When Tree Gelbman (Jessica Rothe) wakes up on her birthday, she quickly discovers that she’s living a very macabre time loop when a killer in a baby mask - her University’s mascot - keeps tracking her down and killing her over and over again. At first, Tree is determined to try to stop her death from happening, but after a while, she becomes fixated on unmasking the killer instead, as she seems doomed to repeat the day until she can solve her own murder. It’s very much like Halloween meets Groundhog Day, and doesn’t seem like it’d be particularly scary based on the concept alone to more diehard fans, but director Christopher Landon managed to capitalize on many familiar and beloved slasher tropes while working with Scott Lobdell’s incredible script.
Scott Lobdell, who got his start writing for Marvel comics, had a clear hand in allowing Happy Death Day to traverse genre so skillfully, as this is something that often happens with comic properties. Even in 2020, there are major Marvel franchises, such as X-Men, getting ready to crossover directly into horror with The New Mutants, and the concept of dark superheroes and anti-heroes has been explored many times before. So, for them, it’s nothing new - yet, for horror, it was groundbreaking.
How Happy Death Day Crosses Into So Many Different Genres
Happy Death Day traverses several sub-genres all at once: it’s distinctly horror through its slasher vibes and manages some tight scares in spite of its PG-13 rating. Beyond that, it’s comedy, with Tree’s dark sarcasm that is a true testament to her tenacity. However, Lobdell considers the film to be just as much horror as it is science fiction, which became even more apparent in its sequel, Happy Death Day 2U. In a 2019 interview, Lobdell said, “… I think the audience is always ready for a change”. Beyond that, Lobdell spoke about how change and rebranding can be good, explaining how networks like HBO have taken huge risks with their content that paid off significantly. In a way, Happy Death Day managed that for Blumhouse; it took a micro budget of only $4.8 million and turned it into $125.5 million worldwide.

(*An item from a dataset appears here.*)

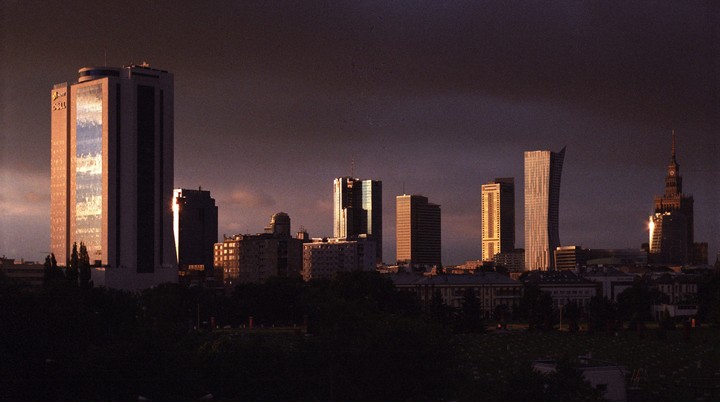 A city skyline with tall buildings is visible under a dark sky, with some buildings reflecting light.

Landon and Lobdell, by investing in their incredible final girl who is very much a champion for a new generation of horror fans, took a beloved type of horror, shook off the stale excess and combined it in ways that they likely had been told they couldn’t. However, horror has a reputation for blending in such a way that it proves it can belong anywhere. Ridley Scott combined classic science fiction elements with pure, undiluted horror with Alien in 1979; it is now revered as one of the most iconic horror films of all time, and it’s a crossover movie. Regarding the sequel, Landon spoke with Collider about his thoughts that the film’s science fiction elements really changed its trajectory. Said Landon, “Once the idea of Sissy, the device, once I kind of arrived at that, that’s when I really felt like I had gas in the tank because I knew that I could play with sort of this notion of inter-dimensional time jumping”.
While the sequel was criticized for gearing too far away from its horror base at times, the fact that horror continues to be smart, forward-thinking, and unafraid to take risks and blend genres means that there will always be new, interesting content moving forward. While Happy Death Day doesn’t seem like it will continue into a third movie, the first two broke the mold and turned Blumhouse into a major contender within the genre film space, proving that budget - and genre - mean little when it comes to entertaining horror fans.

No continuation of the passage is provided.